Streitz has said Goddard School Systems administrators performed market research that shows a school would be viable in Northfield, however, and that a Goddard School franchise has yet to fail in the company’s 20-year history.
Howe called all the preschool and daycare facilities across the city that she knew of to ask for their enrollment numbers. She also had conversations with people who run daycares from their homes. She said she believes the information she collected indicates some schools could be in a “grave situation.”

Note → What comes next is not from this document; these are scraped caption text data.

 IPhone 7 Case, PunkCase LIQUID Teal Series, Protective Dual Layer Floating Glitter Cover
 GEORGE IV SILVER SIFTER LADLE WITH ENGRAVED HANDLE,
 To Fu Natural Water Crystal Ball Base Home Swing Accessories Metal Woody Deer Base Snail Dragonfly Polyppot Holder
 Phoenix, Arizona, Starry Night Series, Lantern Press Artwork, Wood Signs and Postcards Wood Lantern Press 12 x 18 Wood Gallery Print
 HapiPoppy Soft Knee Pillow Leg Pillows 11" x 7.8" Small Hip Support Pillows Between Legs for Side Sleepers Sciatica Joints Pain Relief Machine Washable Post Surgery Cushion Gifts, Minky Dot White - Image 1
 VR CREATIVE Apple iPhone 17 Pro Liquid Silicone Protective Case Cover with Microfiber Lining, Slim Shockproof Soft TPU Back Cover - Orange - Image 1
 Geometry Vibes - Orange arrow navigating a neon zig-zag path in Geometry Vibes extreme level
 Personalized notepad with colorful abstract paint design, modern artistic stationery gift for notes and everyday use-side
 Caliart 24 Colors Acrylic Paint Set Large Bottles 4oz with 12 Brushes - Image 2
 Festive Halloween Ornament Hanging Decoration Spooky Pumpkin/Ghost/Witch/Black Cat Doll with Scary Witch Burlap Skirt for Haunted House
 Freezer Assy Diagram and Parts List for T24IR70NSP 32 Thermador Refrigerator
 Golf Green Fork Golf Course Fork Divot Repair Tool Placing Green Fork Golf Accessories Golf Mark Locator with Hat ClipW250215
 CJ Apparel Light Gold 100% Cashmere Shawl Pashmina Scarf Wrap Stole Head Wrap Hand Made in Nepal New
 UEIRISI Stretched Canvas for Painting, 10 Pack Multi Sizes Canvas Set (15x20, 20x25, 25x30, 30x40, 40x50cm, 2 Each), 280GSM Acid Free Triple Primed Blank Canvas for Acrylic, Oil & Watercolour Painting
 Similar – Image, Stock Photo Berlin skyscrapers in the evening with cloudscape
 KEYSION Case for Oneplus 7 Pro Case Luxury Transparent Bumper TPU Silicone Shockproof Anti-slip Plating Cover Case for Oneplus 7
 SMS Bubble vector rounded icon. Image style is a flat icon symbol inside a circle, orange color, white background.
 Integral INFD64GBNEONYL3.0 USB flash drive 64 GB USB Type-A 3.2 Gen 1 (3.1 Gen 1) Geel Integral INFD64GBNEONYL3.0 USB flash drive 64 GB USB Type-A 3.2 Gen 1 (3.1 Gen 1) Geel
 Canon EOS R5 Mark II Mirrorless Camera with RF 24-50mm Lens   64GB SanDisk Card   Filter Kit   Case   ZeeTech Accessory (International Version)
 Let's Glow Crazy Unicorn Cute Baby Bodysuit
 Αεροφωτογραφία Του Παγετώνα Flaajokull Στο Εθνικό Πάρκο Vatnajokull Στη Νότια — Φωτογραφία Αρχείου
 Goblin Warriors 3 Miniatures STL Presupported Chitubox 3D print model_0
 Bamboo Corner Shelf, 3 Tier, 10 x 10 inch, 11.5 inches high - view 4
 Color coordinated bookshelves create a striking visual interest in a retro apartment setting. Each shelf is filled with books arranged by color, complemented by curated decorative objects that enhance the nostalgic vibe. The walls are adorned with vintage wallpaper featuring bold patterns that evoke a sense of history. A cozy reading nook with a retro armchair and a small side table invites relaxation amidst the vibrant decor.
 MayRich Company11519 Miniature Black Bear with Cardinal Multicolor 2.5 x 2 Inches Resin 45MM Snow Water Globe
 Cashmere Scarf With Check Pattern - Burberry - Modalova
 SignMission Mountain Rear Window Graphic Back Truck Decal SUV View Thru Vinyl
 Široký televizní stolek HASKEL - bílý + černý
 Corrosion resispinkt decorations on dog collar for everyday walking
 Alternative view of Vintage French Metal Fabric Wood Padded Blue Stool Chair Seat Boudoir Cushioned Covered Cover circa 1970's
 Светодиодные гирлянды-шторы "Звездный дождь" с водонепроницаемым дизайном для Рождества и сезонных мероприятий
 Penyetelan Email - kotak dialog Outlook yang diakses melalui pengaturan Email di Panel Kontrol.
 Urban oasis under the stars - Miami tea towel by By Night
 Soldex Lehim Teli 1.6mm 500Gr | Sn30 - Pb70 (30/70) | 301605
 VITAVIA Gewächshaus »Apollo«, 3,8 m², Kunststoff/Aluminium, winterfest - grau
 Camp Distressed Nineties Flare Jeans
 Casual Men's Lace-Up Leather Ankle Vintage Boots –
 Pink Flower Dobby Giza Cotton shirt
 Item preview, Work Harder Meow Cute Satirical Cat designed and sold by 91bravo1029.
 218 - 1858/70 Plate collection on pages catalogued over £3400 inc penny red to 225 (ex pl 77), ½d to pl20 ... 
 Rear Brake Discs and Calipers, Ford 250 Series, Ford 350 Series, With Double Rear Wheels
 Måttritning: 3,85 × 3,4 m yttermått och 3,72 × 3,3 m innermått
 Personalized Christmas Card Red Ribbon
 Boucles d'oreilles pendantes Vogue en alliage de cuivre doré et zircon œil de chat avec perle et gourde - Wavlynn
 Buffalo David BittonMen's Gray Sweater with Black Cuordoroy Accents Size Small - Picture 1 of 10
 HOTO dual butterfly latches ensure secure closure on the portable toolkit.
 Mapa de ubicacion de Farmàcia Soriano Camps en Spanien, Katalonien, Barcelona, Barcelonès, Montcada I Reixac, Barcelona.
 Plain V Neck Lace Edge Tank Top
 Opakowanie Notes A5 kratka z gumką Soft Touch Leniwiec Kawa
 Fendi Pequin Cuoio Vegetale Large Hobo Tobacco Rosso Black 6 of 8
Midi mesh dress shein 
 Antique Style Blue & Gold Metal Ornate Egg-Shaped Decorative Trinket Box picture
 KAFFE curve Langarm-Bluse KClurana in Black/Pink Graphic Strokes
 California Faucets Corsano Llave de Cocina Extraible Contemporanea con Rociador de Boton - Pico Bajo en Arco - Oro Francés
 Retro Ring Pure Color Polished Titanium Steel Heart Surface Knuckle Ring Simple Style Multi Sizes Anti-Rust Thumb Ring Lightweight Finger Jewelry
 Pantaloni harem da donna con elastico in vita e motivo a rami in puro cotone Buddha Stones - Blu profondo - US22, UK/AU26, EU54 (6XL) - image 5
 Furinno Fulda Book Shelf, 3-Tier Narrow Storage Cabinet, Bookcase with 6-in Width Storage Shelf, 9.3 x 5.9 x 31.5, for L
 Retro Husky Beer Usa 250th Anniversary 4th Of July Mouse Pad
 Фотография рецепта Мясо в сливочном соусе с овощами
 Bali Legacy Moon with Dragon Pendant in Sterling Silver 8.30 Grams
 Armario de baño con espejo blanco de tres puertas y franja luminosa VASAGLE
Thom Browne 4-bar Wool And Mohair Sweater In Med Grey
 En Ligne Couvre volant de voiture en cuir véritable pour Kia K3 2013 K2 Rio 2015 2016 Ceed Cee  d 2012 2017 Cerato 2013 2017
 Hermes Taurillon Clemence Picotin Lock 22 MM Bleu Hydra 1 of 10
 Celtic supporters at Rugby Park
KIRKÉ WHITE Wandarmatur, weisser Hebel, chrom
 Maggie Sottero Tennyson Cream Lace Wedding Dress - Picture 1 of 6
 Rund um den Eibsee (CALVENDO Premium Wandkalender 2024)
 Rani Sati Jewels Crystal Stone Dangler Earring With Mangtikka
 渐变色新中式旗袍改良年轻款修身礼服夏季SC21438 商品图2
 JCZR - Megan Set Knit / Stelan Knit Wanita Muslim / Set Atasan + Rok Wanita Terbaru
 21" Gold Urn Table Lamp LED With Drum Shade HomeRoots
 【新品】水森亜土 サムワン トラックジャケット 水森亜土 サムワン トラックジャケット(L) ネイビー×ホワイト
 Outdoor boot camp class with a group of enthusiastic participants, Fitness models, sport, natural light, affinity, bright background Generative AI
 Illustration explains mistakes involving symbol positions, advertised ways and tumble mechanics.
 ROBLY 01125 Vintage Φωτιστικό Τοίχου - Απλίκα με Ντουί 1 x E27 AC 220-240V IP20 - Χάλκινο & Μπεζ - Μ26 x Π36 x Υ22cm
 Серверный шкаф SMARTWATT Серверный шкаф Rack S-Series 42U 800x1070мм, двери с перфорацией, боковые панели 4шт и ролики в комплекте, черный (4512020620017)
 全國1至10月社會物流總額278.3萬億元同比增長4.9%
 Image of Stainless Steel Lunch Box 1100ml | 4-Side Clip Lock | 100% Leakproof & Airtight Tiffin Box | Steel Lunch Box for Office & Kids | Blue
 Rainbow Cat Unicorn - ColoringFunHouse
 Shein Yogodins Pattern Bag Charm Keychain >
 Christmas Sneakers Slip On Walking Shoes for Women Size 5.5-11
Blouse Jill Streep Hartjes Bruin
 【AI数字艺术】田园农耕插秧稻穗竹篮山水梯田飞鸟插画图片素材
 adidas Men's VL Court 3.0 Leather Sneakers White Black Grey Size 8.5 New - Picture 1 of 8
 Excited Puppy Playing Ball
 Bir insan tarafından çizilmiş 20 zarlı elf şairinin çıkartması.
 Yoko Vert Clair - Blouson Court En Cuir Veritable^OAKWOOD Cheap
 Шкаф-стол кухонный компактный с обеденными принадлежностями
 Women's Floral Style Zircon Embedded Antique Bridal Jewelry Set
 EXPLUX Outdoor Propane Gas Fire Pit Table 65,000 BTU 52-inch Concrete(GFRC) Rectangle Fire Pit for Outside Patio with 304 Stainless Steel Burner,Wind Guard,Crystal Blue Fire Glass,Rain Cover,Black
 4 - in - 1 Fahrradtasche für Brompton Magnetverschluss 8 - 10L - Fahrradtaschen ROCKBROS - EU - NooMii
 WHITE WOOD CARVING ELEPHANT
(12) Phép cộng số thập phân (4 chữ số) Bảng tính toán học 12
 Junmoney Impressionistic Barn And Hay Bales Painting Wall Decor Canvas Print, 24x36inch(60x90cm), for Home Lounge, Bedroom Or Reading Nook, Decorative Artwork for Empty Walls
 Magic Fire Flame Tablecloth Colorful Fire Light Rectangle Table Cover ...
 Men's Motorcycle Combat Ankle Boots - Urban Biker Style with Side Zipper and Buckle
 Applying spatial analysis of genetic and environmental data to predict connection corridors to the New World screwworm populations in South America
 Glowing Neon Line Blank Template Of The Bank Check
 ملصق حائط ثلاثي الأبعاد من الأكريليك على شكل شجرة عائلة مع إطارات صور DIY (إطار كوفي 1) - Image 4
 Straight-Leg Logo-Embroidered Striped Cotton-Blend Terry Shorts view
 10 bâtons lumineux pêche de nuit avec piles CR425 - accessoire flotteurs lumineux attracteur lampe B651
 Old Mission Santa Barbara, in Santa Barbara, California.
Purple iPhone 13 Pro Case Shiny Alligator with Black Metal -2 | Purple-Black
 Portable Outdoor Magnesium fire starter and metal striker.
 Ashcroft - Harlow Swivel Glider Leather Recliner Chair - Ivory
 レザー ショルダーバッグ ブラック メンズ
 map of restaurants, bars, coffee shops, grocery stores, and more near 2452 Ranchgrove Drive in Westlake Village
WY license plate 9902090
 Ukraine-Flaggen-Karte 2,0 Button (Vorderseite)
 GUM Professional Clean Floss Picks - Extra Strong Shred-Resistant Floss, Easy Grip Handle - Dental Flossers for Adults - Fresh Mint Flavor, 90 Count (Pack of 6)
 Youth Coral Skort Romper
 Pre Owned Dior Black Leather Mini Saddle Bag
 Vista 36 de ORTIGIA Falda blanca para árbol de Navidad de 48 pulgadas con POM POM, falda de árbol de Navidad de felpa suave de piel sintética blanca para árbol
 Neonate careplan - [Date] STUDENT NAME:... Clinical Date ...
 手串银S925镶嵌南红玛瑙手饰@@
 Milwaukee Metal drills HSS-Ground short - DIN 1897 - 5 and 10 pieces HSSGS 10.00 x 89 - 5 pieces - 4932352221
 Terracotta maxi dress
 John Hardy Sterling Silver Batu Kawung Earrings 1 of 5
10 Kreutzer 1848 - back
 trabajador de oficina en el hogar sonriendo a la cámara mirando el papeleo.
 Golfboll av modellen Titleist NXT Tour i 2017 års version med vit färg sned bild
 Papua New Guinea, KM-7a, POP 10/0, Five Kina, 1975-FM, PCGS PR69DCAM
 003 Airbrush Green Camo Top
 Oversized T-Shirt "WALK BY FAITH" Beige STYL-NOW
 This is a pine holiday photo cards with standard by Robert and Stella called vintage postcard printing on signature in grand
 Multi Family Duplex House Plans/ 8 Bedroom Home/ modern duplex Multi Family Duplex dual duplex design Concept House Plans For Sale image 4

The facilities and enrollments, listed in alphabetical order are: Early Ventures daycare, 3 of 57 spots are open; Grandpa’s Farm, 10 of 14 spots open; Hand-in-Hand, two of 84 open; A Child’s Delight Too, eight of 46 spots open; Northfield Day Care, eight of 20 open; Northfield Montessori, 50 of 186 spots open; Northfield Nursery School, 21 of 74 open; and Saint Dominic’s, 17 of 40 open.
There are 10 openings at Open Door, which has an 80-child capacity. Howe said even though some of the enrollment numbers do not seem low, many of the schools are used to having a waiting list.
“In the past, we usually had a waiting list with 15 to 25 people on it,” Howe said of Open Door. “So, this is a dramatic change that we’re looking at.”
As for home-run daycare facilities, Stacy Waters of the Northfield Daycare Association said she has not seen a decrease in infant enrollment in her business, but she is still nervous about her job.
“I worry about my job just like everybody else in this economy,” Waters said. “If parents start losing jobs, then they stay at home or they can’t afford daycare.”
Victor Summa, a member of Northfield’s Economic Development Authority, said he knows of no rule that prevents city officials from issuing a loan to a business that would potentially enter a saturated market.
“It’s almost a moral judgment,” Summa said.
The loans, he said, are supposed to be in an amount that is a small fraction of the business owner’s total investment in the business. The loans create a “slightly more favorable situation,” Summa said, for businesses to come into the city and hopefully generate jobs and tax dollars.